DIRECTIONS: Would you copy the records exactly, leaving the pictures out?
━━━━━━━━━━━━━━━━━━━━
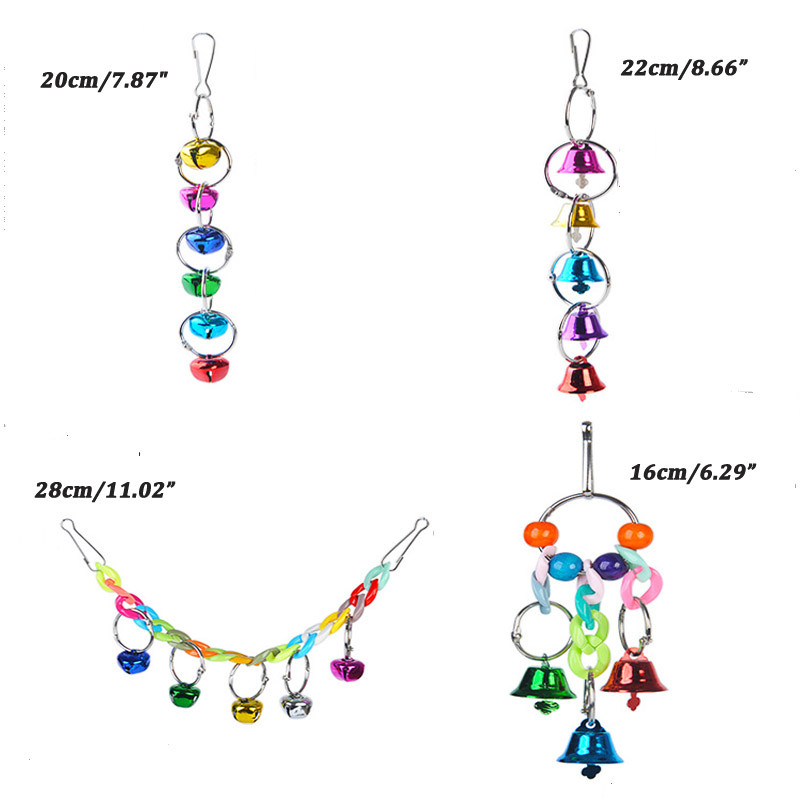 Ptice Oprema za kućne ljubimce Igračke za zvonce za papige Ručno izrađeno šareno zvono od drvenih perli Igračka za ptice Kreativna ljuljačka Dekoracija kaveza za ptice Igračke za papige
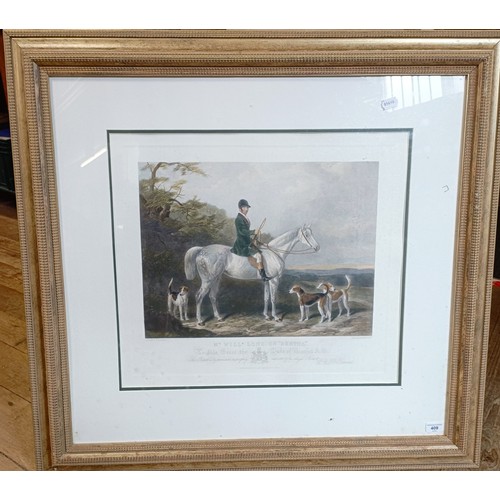 763 - A Mr Will Long on Bertha racing print, 54 x 59 cm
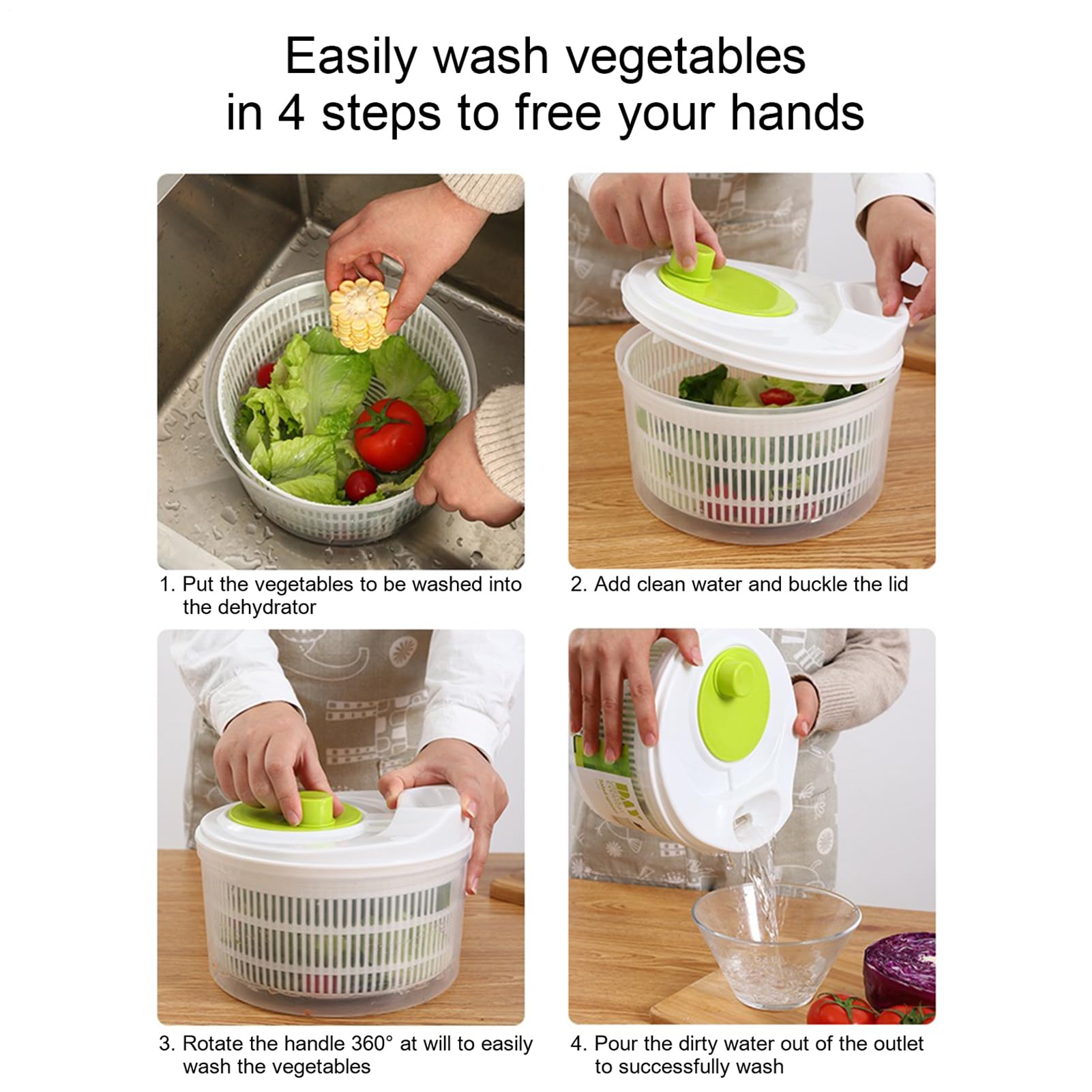 centrifuga per insalata, centrifuga per verdure | centrifuga per essiccatore di frutta, lavatrice per verdure, centrifuga multifunzionale per lavatrice di frutta per cucina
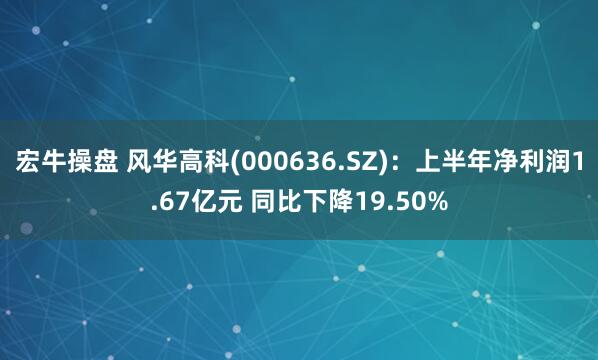 宏牛操盘 风华高科(000636.SZ)：上半年净利润1.67亿元 同比下降19.50%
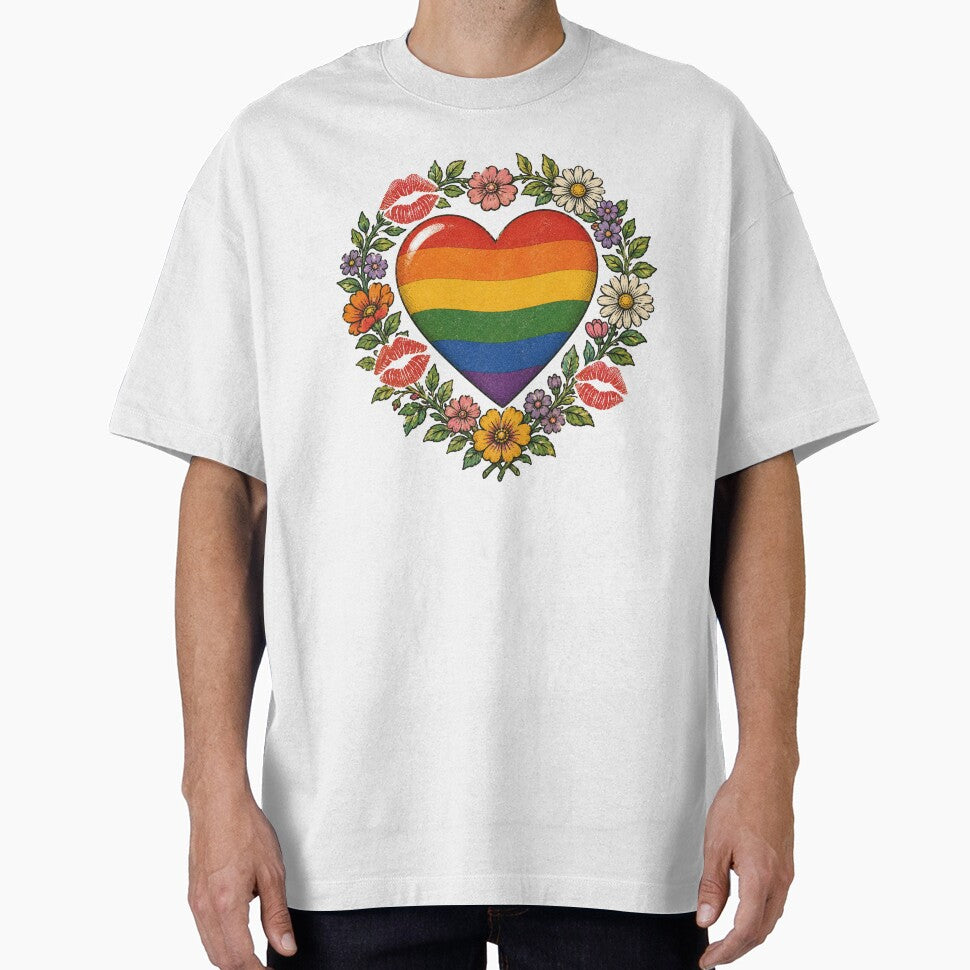 Vintage Rainbow Pride Heart Floral Design | LGBTQ+ Love and Equality Retro Aesthetic by TheStephanieRome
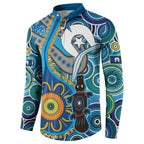 Personalised Aboriginal Platypus Button Sweatshirt Torres Strait Islander Dhari Indigenous Dot Art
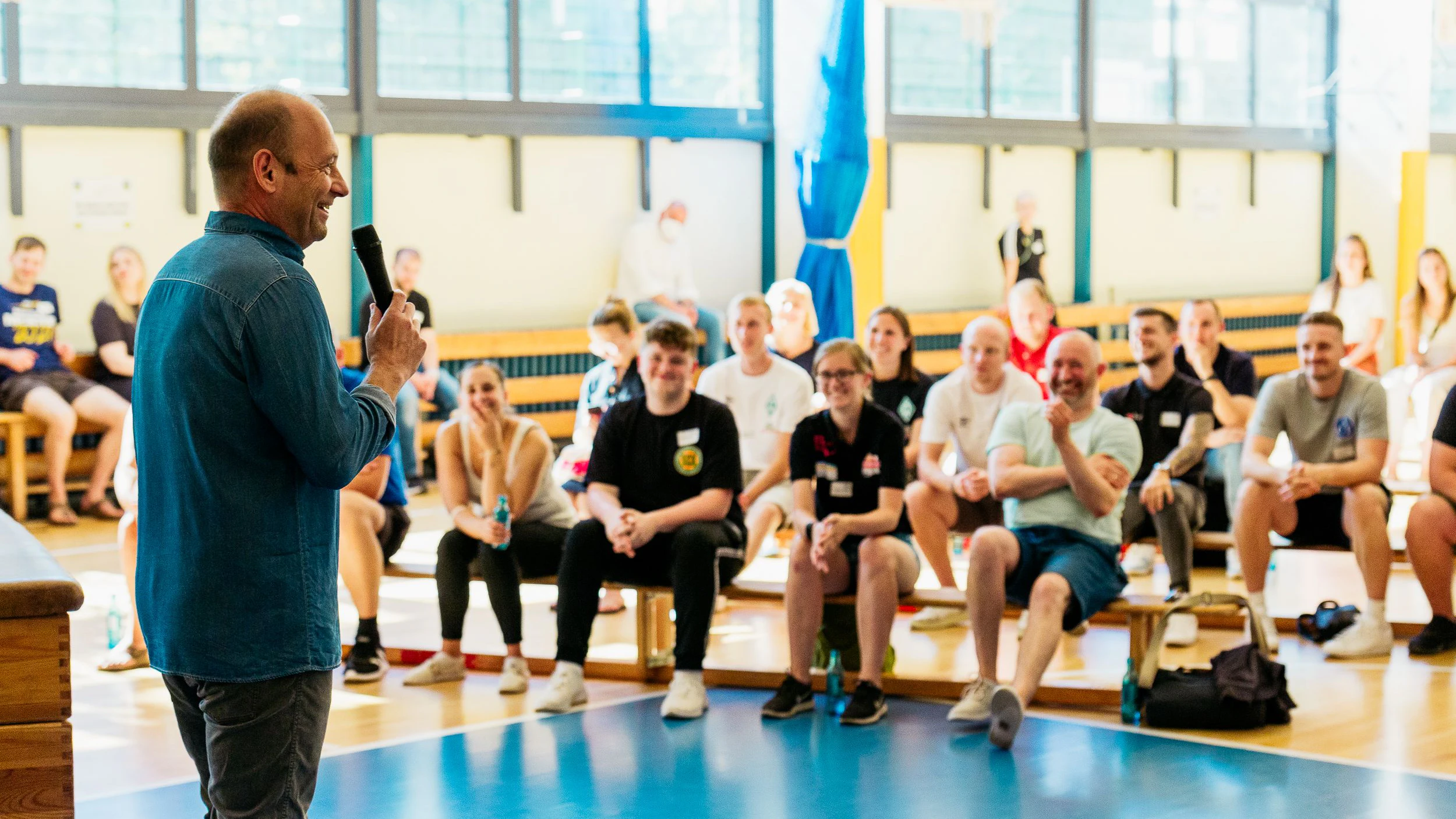 Alba Berlins Geschäftsführer Marco Baldi (l.) ließ es sich nicht nehmen, die Gäste des Community Summit persönlich zu begrüßen.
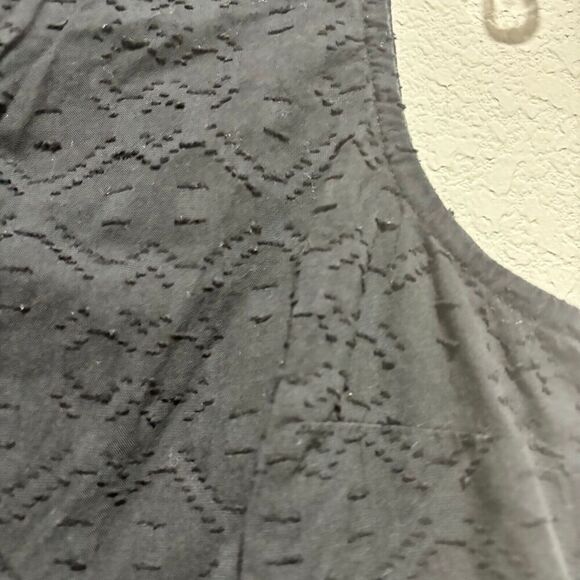 Anthropologie Tiered Blouse Tunic ‎ Small Black Sleeveless Textured Lace Detail - Picture 5 of 9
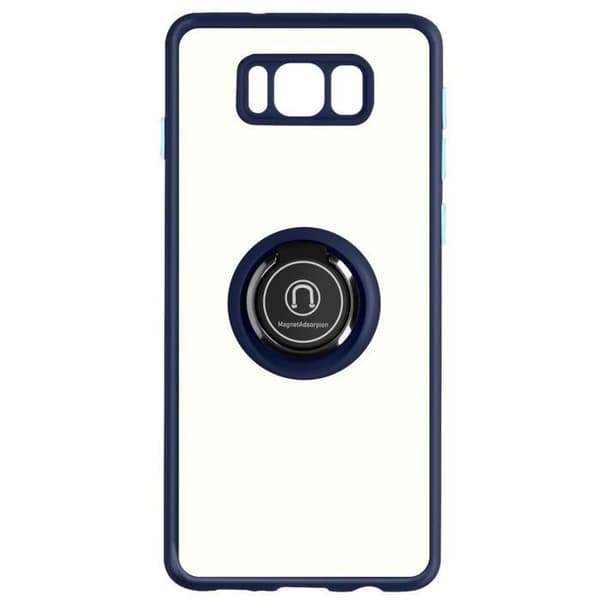 Cover - ADVARSEL - Samsung Galaxy S8 - Bi-materiale - Metal Ring - Blå Blå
━━━━━━━━━━━━━━━━━━━━
RESPONSE BOX:
 Ptice Oprema za kućne ljubimce Igračke za zvonce za papige Ručno izrađeno šareno zvono od drvenih perli Igračka za ptice Kreativna ljuljačka Dekoracija kaveza za ptice Igračke za papige
 763 - A Mr Will Long on Bertha racing print, 54 x 59 cm
 centrifuga per insalata, centrifuga per verdure | centrifuga per essiccatore di frutta, lavatrice per verdure, centrifuga multifunzionale per lavatrice di frutta per cucina
 宏牛操盘 风华高科(000636.SZ)：上半年净利润1.67亿元 同比下降19.50%
 Vintage Rainbow Pride Heart Floral Design | LGBTQ+ Love and Equality Retro Aesthetic by TheStephanieRome
 Personalised Aboriginal Platypus Button Sweatshirt Torres Strait Islander Dhari Indigenous Dot Art
 Alba Berlins Geschäftsführer Marco Baldi (l.) ließ es sich nicht nehmen, die Gäste des Community Summit persönlich zu begrüßen.
 Anthropologie Tiered Blouse Tunic ‎ Small Black Sleeveless Textured Lace Detail - Picture 5 of 9
 Cover - ADVARSEL - Samsung Galaxy S8 - Bi-materiale - Metal Ring - Blå Blå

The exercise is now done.